We live in a fast-paced world where systems quickly integrate, as do our relationships with the rest of the world. Seminars and summits are frequently convened in a bid to help improve opportunities and give access to resources to all countries. It is not every day, however, that these seminars are viewed in a positive light as we would all like. One example of such a summit is the Africa-Israel Summit that was scheduled to take place in Lome, Togo from the 23rd to 27th October 2017. The summit was expected to provide a platform for leaders from over a dozen African countries from various sectors to meet, discuss, and collaborate on issues such as shared prosperity, with Israeli leaders and officials. With such a noble aim, the summit was expected to be a hit; however, from the get-go there were mixed opinions with some supporting the initiative and others—including some African nations—opposing this summit.
Concerns were high about an African-Israel summit justifying some of the humanitarian issues that came with colonization in Africa, such as apartheid. Palestine was particularly concerned about the perceived influence that Israel may have within Africa and the United Nations should the summit come to pass. In fact, earlier this month the Palestines in Europe Conference began a campaign to discourage African countries from participating in the Africa-Israel Summit. African countries such as Algeria, Morocco, Mauritania, Tunisia and South Africa had already boycotted or shown signs of boycotting the summit.
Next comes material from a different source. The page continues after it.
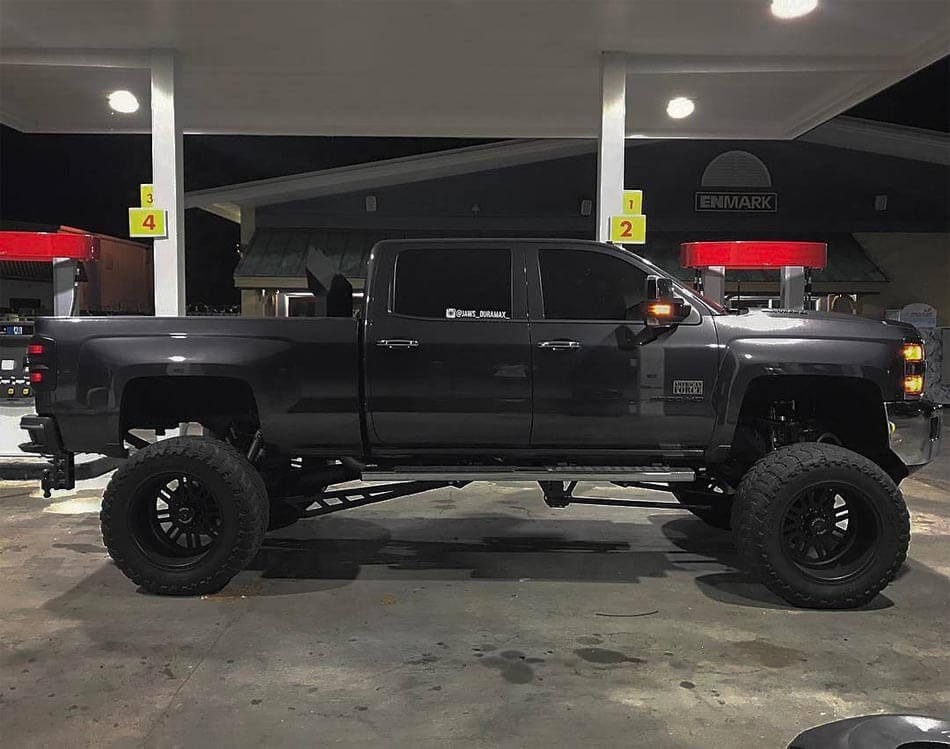 Lifted chevy silverado 2500 drop hitch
South Africa was, in particular, a country of interest owing to its history that is scarred with apartheid.
Recent developments, however, have only made things more complicated. In fact, the summit has now been canceled altogether. First, some Arab States, Palestine, and South Africa were applying political pressure in Togo to ensure that the summit would not come to pass for reasons such as those stated above. The President of Togo, Faure Gnassingbe, also noted that the summit preparations might take longer than had been previously intended. In addition, the host country has been experiencing political unrest, which has contributed to the reasons for the cancellation.
The cancellation, is, however, not the final nail in the coffin as the Israeli Foreign Ministry spokesman said that the summit is only to be postponed to a later date. Human rights groups, however, continue to see this cancellation as a positive development and thus, a victory to what they call efforts against racism, fascism, and injustice.